This is the third of a three-part series exploring Amazon’s business model. On Wednesday, we examined the company's lack of profitability relative to its revenue growth. On Thursday, we probed the company’s labor practices. Today, we look at the company's impact on small retailers.
Michael Rosenberg clearly remembers the most-popular item at Granny-Made, the funky children’s shop on Manhattan’s Upper West Side that he owned and operated for 27 years until it closed this summer. It was a deluxe toy garage, three levels high, complete with a carwash, moving scrubbers and even a rescue helicopter. “Every kid who came in played with that garage,” Rosenberg recalled, his cheery voice brimming with nostalgia.

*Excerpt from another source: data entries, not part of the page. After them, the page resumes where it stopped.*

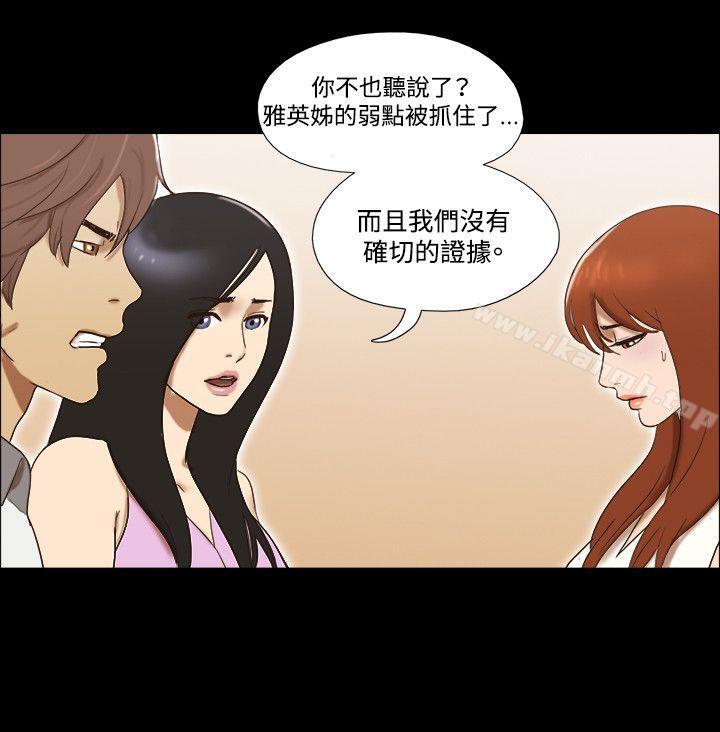 5P - 17种性幻想（第二季）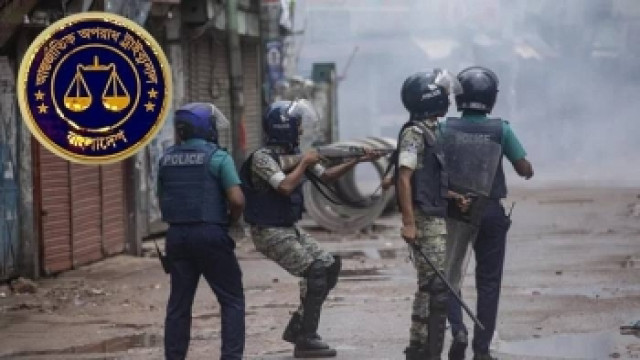 চানখারপুলে ৬ হত্যা মামলার রায় পিছিয়ে ২৬ জানুয়ারি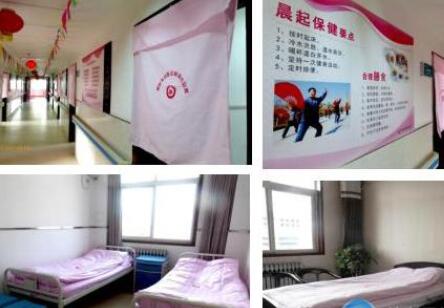 西咸新区沣东新城王寺敬老院环境图片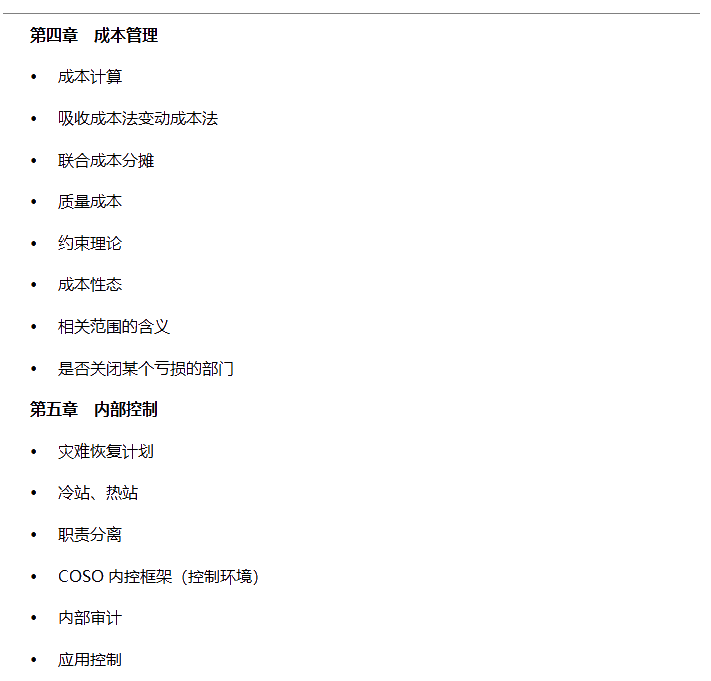 2021年4月CMA考試情況如何？7月如何備考？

Yet while preschoolers loved it, parents didn’t -- particularly the $139 price tag. Some said they needed more time to think about it. Others promised they’d be back after lunch, only they never came back. And the garage never sold. Rosenberg knew exactly what those customers were up to. “I couldn’t compete with Amazon,” he said. “They’re selling it so close to cost, and with free shipping, that I can’t compete against that.”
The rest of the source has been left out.